Comment Re:Does nobody remember MS's "portability" promise (Score 2) 348
I'm not sure "seduced and abandoned" really captures the flavour of those heady days. From what I can recall, most of the companies involved were fighting fires on three fronts: their old-line proprietary businesses were getting chopped to bits by PC's and the war of attrition that was Unix at the time - the company I worked for had internal in-fighting as the unix and PC business started to threaten the old mid-range server business and competition BETWEEN companies was even more cut-throat. Sun was playing everyone for suckers as the Unix wars played out. Microsoft offered a plausible, one size fits all solution that looked like a complete end-run around Sun. Digital, in particular, the company with most to lose (vax, ultrix, a dead line of PCs that started with the wacky rainbow and ended up with them buying white boxes or 3rd party contracting out that part of big govt contracts) signed up big time. In fact the relief was palpable in their office nearby when the sales guys suddenly had a story to tell other than obvious loser products like OSF.

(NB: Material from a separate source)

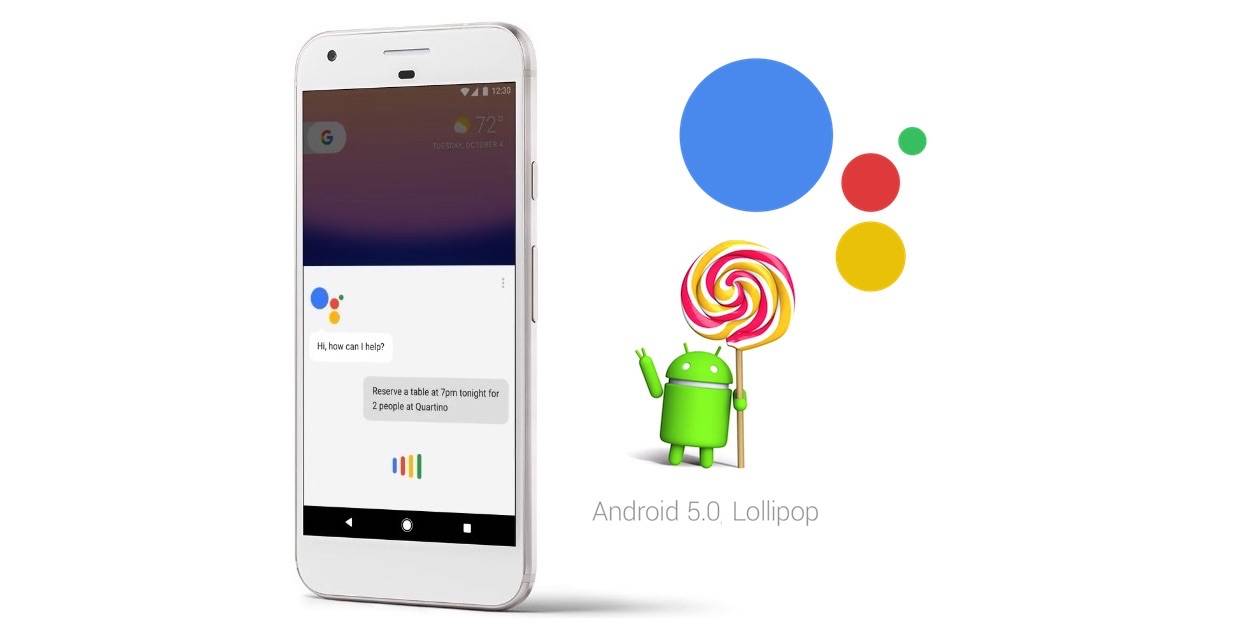 If you have one or several of these appliances and need a user manual, there are a few places you may be able to find one online. Google Assistant Can Run On Android 5 0 Lollipop Here S How To Activate It Android Community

That NT never took off on anything other than Intel wasn't really Microsofts fault - in fact to think they orchestrated some Machiavellian plot to sucker a bunch of lucrative partners into mercy killing their businesses doesn't match what happened. What happened is that the customers woke up to proprietary hardware.
In a lot of ways, Sun looked like "the good guy" for 15 years but they really were kind of evil by currying discontent amongst the other Unix vendors (and even their own partners like Novell). Microsoft were the main beneficiary of Sun deciding to try to monopolise the Unix market which inadvertently made Windows a player beyond the desktop.